Pior: eles se tornam tão dependentes da comunicação visual e do correio eletrônico, que estão perdendo a linguagem do corpo. ”
De acordo com ela, esta degeneração gradativa da percepção/expressão tem um grande inimigo: o mercado. Segundo a norte-americana, este mercado não é apenas um objeto a ser combatido, mas sim um profundo problema de visão sobre a vida, que parte, também, do espectador.
Ensinado a enxergar o mundo apenas de forma política e ideológica, o homem contemporâneo teria perdido a esfera do sensível, do invisível, do metafísico. Este contexto de constante estímulo atinge a sociedade como um todo, como Camille argumenta logo na introdução da obra:
“A vida moderna é um mar de imagens. Nossos olhos são inundados por figuras reluzentes e blocos de texto explodindo sobre nós por todos os lados. O cérebro, superestimulado, deve se adaptar rapidamente para conseguir processar esse rodopiante bombardeio de dados desconexos.
A cultura no mundo desenvolvido é hoje definida, em ampla medida, pela onipresente mídia de massa e pelos aparelhos eletrônicos monitorados pelos empresários. A intensa expansão da comunicação global instantânea pode ter concedido espaço a um grande número de vozes individuais, mas, paradoxalmente, esta mesma individualidade se vê na ameaça de sucumbir.
Como sobreviver nesta era da vertigem?
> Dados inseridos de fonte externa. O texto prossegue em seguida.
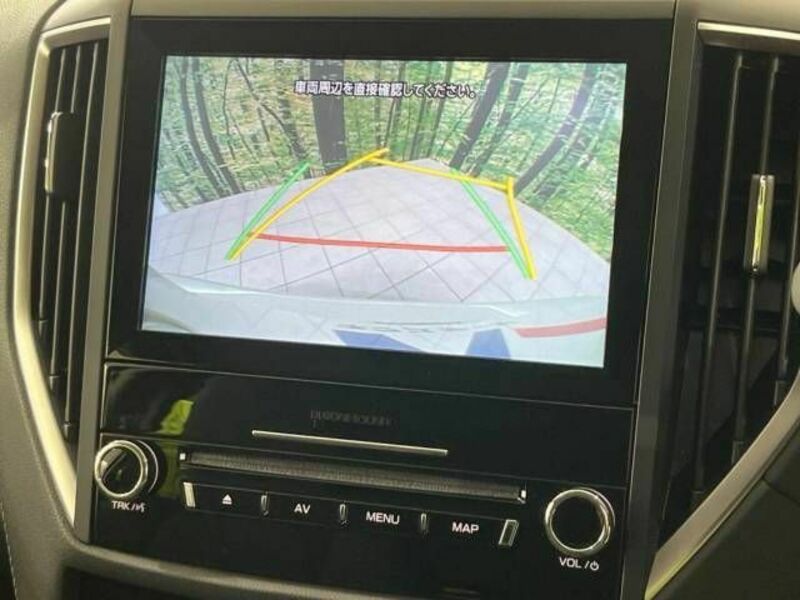 FORESTER-5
Precisamos reaprender a ver.
Em meio a tamanha e neurótica poluição visual, é essencial encontrar o foco, a base da estabilidade, da identidade e da direção na vida. As crianças, sobretudo, merecem ser salvas deste turbilhão de imagens tremeluzentes que as viciam em distrações sedutoras e fazem a realidade social, com seus deveres e preocupações éticas, parecer estúpida e fútil.
A única maneira de ensinar o foco é oferecer aos olhos oportunidades de percepção estável – e o melhor caminho para isso é a contemplação da Arte.”
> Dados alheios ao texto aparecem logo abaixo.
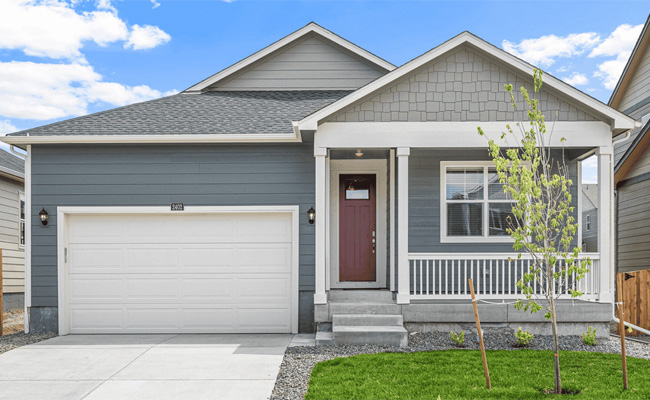 Chatham : 36 N 45Th Ave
A Arte como solução para o desembaraço midiático
A Arte é tratada, em muitas instituições de ensino, como uma prática terapêutica: projetos com cartolina do tipo “faça você mesmo” e pinturas com os dedos para liberar a criatividade oculta das crianças.
Mas o que de fato faz falta é um quadro histórico de conhecimentos objetivos acerca da arte. As esporádicas excursões ao museu são inadequadas caso não estejam integrados ao currículo do ensino primário, fundamental e médio – uma introdução básica à grande Arte e a seus estilos e símbolos.
Sem o senso da cronologia ou da deslumbrante procissão de estilos que constituía a arte ocidental, os alunos acabam percebendo a arte de forma mecânica, incluindo-a em sua grade de estudos para decorar características e fogem da possibilidade de humanidade que a mesma oferece.
O direito à Arte
Em seu livro, Camille levanta como um dos principais desafios da Arte: a necessidade do aluno compreender seu caráter cíclico ao invés de definir juízo de valor as diferentes correntes artísticas.
A civilização é definida pelo direito e pela arte. As leis governam o nosso comportamento exterior, ao passo que a Arte exprime nossa alma. Às vezes, a Arte glorifica o direito, como no Egito; às vezes, desafia a lei, como no Romantismo.
Currículos de arte céticos, não viabilizam que o aluno perceba a dimensão espiritual da vida. Eles reduzem a Arte à ideologia, como se o objeto artístico não tivesse outro propósito ou significado além do econômico ou do político.
A Arte é o casamento do ideal e do real. Fazer arte é um ramo da artesania. Artistas são artesãos, mais próximos dos carpinteiros e dos soldadores do que dos intelectuais e dos acadêmicos, com sua retórica inflacionada e autorreferencial. A Arte usa os sentidos e a eles fala. Funda-se no mundo físico tangível.
O currículo de Arte deve abordá-la e descrevê-la em seus próprios termos. Deve-se manter um delicado equilíbrio entre os mundos visível e invisível. A Arte jamais deveria se subordinar a uma agenda política e sim, sempre ser uma alternativa de fuga desta.